===== RECORD EXTRACTS =====
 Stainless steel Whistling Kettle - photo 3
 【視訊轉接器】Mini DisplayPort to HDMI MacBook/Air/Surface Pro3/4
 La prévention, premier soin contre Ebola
=====
===== RECORD EXTRACTS =====
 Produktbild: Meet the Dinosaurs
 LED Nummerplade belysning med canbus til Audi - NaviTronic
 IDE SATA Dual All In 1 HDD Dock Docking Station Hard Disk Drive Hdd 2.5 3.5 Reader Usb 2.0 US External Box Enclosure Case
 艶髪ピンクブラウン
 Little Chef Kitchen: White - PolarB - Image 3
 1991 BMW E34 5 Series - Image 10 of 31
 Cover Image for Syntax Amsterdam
=====
__TASK OBJECTIVE__.
Here the job is to set down exactly the lines of the material above that fall between the one with "Stainless steel Whistling Kettle - photo 3" and the one with "La prévention, premier soin contre Ebola", inclusive, and nothing beyond them.

__YOUR RESPONSE__.
 Stainless steel Whistling Kettle - photo 3
 【視訊轉接器】Mini DisplayPort to HDMI MacBook/Air/Surface Pro3/4
 La prévention, premier soin contre Ebola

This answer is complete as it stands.